Prêtons donc attention à cela, et ayons un certain discernement, une nouvelle manière de voir.

Remettre toute sa colère au Seigneur

Dans cette parabole, il s’agit cependant d’autre chose… Le salarié se met en colère contre Dieu à cause de Sa bonté. Mais, peut-on se mettre en colère contre Dieu ? Et c’est pourtant très fréquent. Mais, n’est-Il pas le seul à savoir écouter nos rages, nos violences. Dans la prière, l’espace que nous avons pour nous exprimer face à Lui, n’est-Il pas là pour subir nos coups de grisou ?

Et dans l’Écriture, il est dit :

« La colère des hommes te rend gloire quand les survivants te font cortège. »

N’est-ce pas surprenant ? C’est dans les psaumes que l’on chante à l’office.

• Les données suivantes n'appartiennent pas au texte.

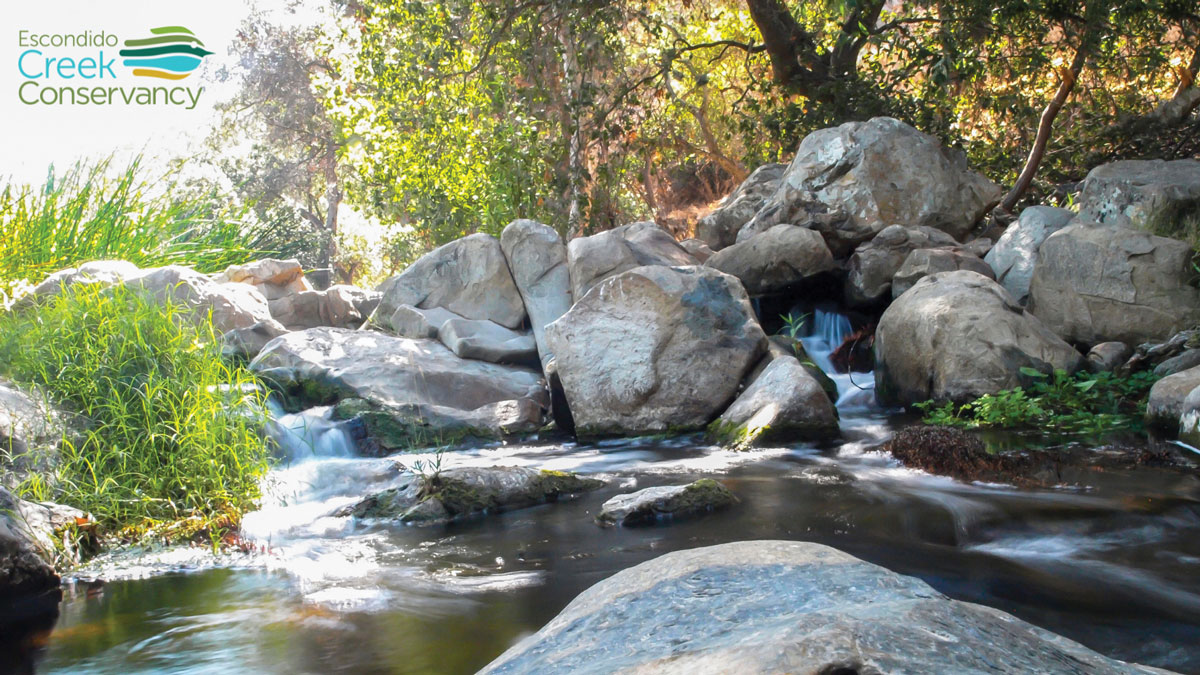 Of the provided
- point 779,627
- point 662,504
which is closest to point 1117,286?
point 662,504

Le Seigneur n’est-il pas Celui qui peut accueillir toute forme de colère, toute forme de violence ? Évidemment, on pense à la Passion…

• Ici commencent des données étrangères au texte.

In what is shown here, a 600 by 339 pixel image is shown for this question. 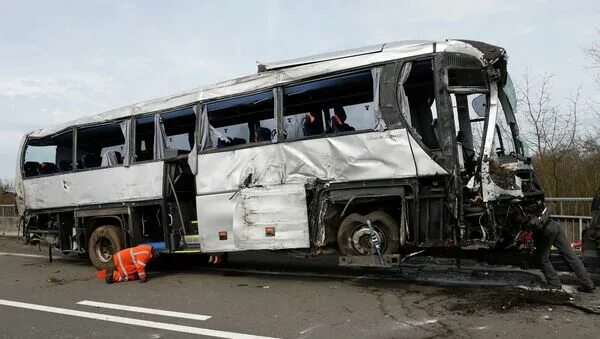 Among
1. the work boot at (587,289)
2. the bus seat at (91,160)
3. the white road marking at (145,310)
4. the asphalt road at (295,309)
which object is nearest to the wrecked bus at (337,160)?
the bus seat at (91,160)

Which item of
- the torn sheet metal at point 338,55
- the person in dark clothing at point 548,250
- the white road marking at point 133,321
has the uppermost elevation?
the torn sheet metal at point 338,55

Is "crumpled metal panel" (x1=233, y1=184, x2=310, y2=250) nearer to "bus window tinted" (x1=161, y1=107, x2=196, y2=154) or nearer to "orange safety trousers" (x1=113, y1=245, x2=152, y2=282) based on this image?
"bus window tinted" (x1=161, y1=107, x2=196, y2=154)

Selon les tempéraments, on peut avoir ce côté colérique plus fortement exprimé, et certaines personnes ne contrôlent pas bien leur colère. On ne choisir pas toujours, mais on peu toujours choisir de demander pardon. Si le premier geste nous a échappé, il reste le deuxième qui permet de demander pardon, et que celui-ci ne vous échappe pas !

Et en méditant sur ce texte, je me suis demandé s’il s’agissait vraiment de plusieurs personnes, ou d’une seule et même personne aux différents stades de sa vie. Et c’est une interprétation que je propose : dans sa jeunesse, dans la vie d’adulte – qui peut travailler toute une journée – dans l’âge de la maturité, puis à la fin de sa vie, quand la lumière baisse…

Le Seigneur nous accompagne dans toutes les étapes de notre vie

Il est intéressant de voir ces états de l’âme : bien souvent dans la jeunesse, on peut avoir ce côté colérique plus fortement exprimé, et cela arrive chez les jeunes. Et si c’est la même personne, c’est intéressant de la voir évoluer progressivement : il y a un appel qui est fait à d’autres choses dans nos vies et il est dit : « Je te donnerai ce qui est juste. » A celui qui s’est levé tôt le matin, on a convenu une certaine somme. A celui qui a été appelé à la troisième heure puis à la sixième heure, on donnera ce qui est juste.
Et celui qui est appelé en dernier ne demande rien. Et voici l’évolution d’une âme : au début, on a besoin d’un marché donnant-donnant, de faire valoir ses droits auprès du Seigneur, en pointant les injustices et en manifestant sa colère, puis qui s’apaise progressivement avec l’âge, et qui, au soir de sa vie, ne met plus de conditions, et qui prononce les mots de la très belle prière de Saint Ignace de Loyola : « Donne-moi seulement de t’aimer ». Il offre sa vie sans savoir ce dont il retournera, ce qui lui reviendra.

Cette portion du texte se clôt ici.